September 22, 2017

The Awe-inspiring Potential of a Seed

“It always amazes me to look at the little, wrinkled brown seeds and think of the rainbows in ’em,” said Captain Jim. “When I ponder on them seeds I don’t find it nowise hard to believe that we’ve got souls that’ll live in other worlds. You couldn’t hardly believe there was life in them tiny things, some no bigger than grains of dust, let alone colour and scent, if you hadn’t seen the miracle, could you?”
L.M. Montgomery, Anne’s House of Dreams
Janine Pineo Photo | The long view down the middle aisle of the Fedco Seeds facility. Inside the boxes are packets of seeds.

Janine Pineo Photo | The long view down the middle aisle of the Fedco Seeds facility. Inside the boxes are packets of seeds.

• By Janine Pineo •

Plant a seed.

It’s not a cliche.

It’s a mantra.

It is one that can be heeded in more ways than one. So I am going to plant a seed about planting seeds.

I am in awe of seeds. I can look at one the size of a speck of dust and see the flower it is meant to become. Or I imagine the taste of the vegetable it will produce.

Janine Pineo Photo | Inside the packet-wide boxes are the packets of seeds.

Janine Pineo Photo | Inside the packet-wide boxes are the packets of seeds.

The definition of a seed is straightforward: a flowering plant’s unit of reproduction, capable of developing into another such plant. The more scientific of definitions talk about stored food, an embryonic state, the difference between angiosperms and gymnosperms and so forth.

I know all that. I look at a seed and it speaks to me in a different way. It is a piece of life, waiting to emerge and sustain more life. Not only is it a possible source of food for me, but it can sustain insects, birds, mammals and more, which in turn sustain not only humans but other species.

It is the global circle of life in action, you see.

And yet, we threaten our own existence with the loss of some of these lives. I am fascinated with the Millennium Seed Bank in the United Kingdom. This partnership aims to conserve 25 percent of the world’s plants by 2020.

“The Millennium Seed Bank Partnership is the largest ex situ plant conservation programme in the world. Our focus is on global plant life faced with the threat of extinction and plants of most use for the future. The seeds we save are conserved in seed banks as an insurance against the risk of extinction in their native habitat.”

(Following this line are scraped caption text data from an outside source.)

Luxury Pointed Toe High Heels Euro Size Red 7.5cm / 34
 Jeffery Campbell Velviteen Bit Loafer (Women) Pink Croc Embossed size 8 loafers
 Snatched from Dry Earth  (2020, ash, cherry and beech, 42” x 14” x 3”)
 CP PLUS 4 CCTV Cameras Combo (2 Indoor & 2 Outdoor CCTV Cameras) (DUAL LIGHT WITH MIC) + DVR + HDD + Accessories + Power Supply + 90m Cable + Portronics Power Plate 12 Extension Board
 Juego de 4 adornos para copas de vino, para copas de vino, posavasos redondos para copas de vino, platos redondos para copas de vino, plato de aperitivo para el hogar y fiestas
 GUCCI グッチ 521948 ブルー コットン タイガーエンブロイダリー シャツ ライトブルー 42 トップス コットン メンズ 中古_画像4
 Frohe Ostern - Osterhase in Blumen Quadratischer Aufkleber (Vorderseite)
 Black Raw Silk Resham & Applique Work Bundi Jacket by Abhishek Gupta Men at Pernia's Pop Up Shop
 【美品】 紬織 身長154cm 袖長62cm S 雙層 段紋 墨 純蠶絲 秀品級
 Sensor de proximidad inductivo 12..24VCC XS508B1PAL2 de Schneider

The project’s goals may sound simple, but ponder this: How many seed-bearing species of plants are there in our entire world? Read on.

“Working with our network of partners across 80 countries, we have successfully banked over 13% of the world’s wild plant species. With your help, we are going to save 25% of those species with bankable seeds by 2020 (75,000 species). We target plants and regions most at risk from the ever-increasing impact of human activities, including land use and climate change.”

All of this was prompted by my Saturday visit to Fedco Seeds annual tree sale. It actually is much more than that, with the warehouse open for buying supplies and seed potatoes (there is another whole kettle of fish in the seed-saving world). And if you aren’t paying attention, you will miss a stop at what I think is one of the most amazing sights, something I believe rivals a museum filled with the finest art.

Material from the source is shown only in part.